Mientras hablaba con él su desolación era más notable hasta empezar a dejar escapar algunas lágrimas de desconsuelo. En esos momentos repiqueteó el teléfono de mi oficina, la recepcionista me informaba que tenía a tres personas diferentes a mí espera.

Me fue necesario decirle que continuaríamos la reunión, Fernando apremiaba que le siguiera hablando, apenas estábamos entrando en la parte espiritual. Pero los clientes tenían una cita previa, tenían una hora para su cita y yo me había corrido en la reunión imprevista con mi compañero de trabajo.

Antes de levantarse dijo la única palabra coherente que le escuché esa mañana nublada: — ¡Me siento solo! Bajó la mirada y se perdió su figura dando un traspié en el pasillo sin inmutarse por el golpe.

Al día siguiente. Los minutos se volvieron horas y el trajín de mi día fue muy acelerado, de vez en cuando, Fernando,  pasaba por mi oficina y siempre encontró a un cliente conmigo. Cuando asomaba su cabeza me volvía la preocupación por él y lo tenía pendiente. Salí a su búsqueda en mi hora de almuerzo para invitarlo a comer, pero estaba en la calle, él también tenía un día afanado. La tarde estuvo más tranquila para mí, pero a Fernando lo enviaron a realizar labores fuera.
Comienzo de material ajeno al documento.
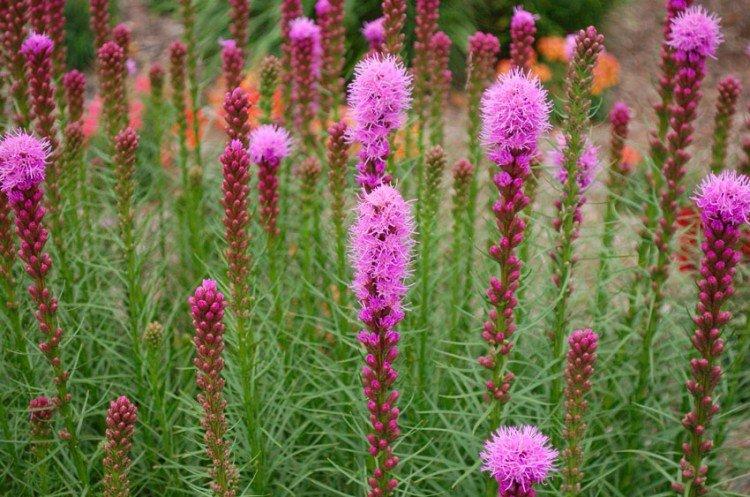 Liatris - foto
Estuve un buen rato después de la hora de salida, pero me desesperé al ver que oscurecía rápidamente y arranqué en mi vehículo camino a casa.

Dormí como un tronco hasta las doce de la noche luego no lo podía sacar de mi cabeza. Ahora era yo la atormentada. No debí dejarlo salir así, en esas condiciones.
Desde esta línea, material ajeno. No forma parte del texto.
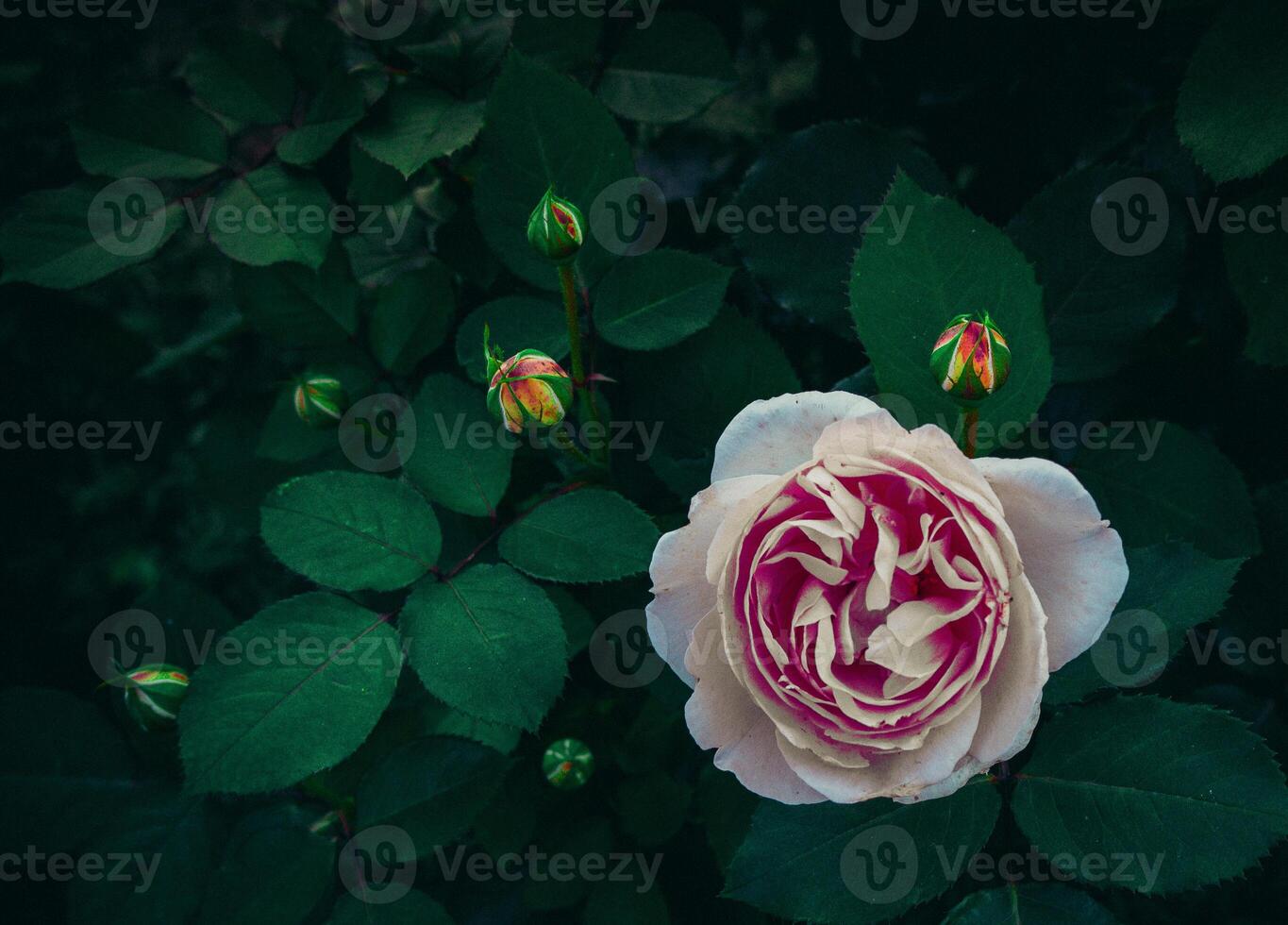 Rosas de color rosa claro natural con gotas de lluvia de hojas verdes del concepto de primavera en el jardín. foto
Al otro día, llegué lo más temprano que pude para verlo y entré directo a la cocina. Estaban un pequeño grupo de empleados conversando entre sí, e instintivamente pregunté ¿Qué pasó? ¿Dónde está Fernando? Nadie contestó y una mujer empezó a llorar. Un escalofrío me atravesó de los pies a la cabeza. Todas las células de mi cuerpo me gritaban que algo terrible había pasado. Tomé asiento y esperé que alguien lo soltara: —Sabemos que él estuvo hablando contigo ayer—. Y estaba muy mal, murió a eso de las doce la noche de un infarto fulminante.

—¿A qué hora regresó en la tarde? —, indagué pasmada de asombro. Diez minutos después que te fuiste, alguien contestó con desgarbo a mis espaldas. Preguntó por ti y la hora que te fuiste. No dijo más nada y se marchó a su morada.

Sentía mareos y unas arcadas estomacales me presionaban con urgencia los gestos vomitivos. Voté todo lo que llevaba dentro en el lavabo, sin poder llegar al retrete.

Estaba desconcertada, si tan solo me hubiese detenido un poquito más el día de ayer, quizás hoy la historia fuera diferente. Ese sentimiento de culpa me llenó de niebla negra, como el polvo de Sahara llegara posara sobre mi cabeza. El sí “hubiera” me castigaba la mente acuchillándome la razón. Aunque no se lo dije a nadie esa noche no dormí teniendo pesadillas con él. Estaba vivo e iba a pedirme ayuda mientras yo miraba el reloj y le decía que no tenía tiempo, que esperara un turno porque tenía un cliente.

Sabía que no era mi total responsabilidad, pero Dios lo puso frente a mí horas antes de partir, pude terminar, posponer el trabajo de la empresa y hacer el trabajo de Dios. Se asió de mí una rabia incontenible. ¡Estaba enojada conmigo misma!

Cuantas veces por el afán de la vida no nos detenemos a atender a las urgencias de los que mueren. Habiendo yo misma leído en horas tempana la muerte reflejada en su rostro.

Cuando leas muerte, soledad, tristeza, suicidio, depresión. Cuando veas la devastación del hoyo negro del pozo de la desesperación dibujada en el semblante de alguien por favor “detente” diez minutos, no cometas mi error, es posible que el socorro que viene de Jehová lo estén enviando contigo. Ese día confirmé que podía leer algunos finales en la faz de un hombre preocupado y me propuse caminar la milla extra de diez minutos para un amigo que quizás sea su última oportunidad de ver a Dios a través de mis palabras de consuelo y llevarle el plan de salvación.

Diez minutos para un amigo, podrían asegurarle la eternidad en el cielo.

Jenny Matos.

Santo Domingo, República Dominicana.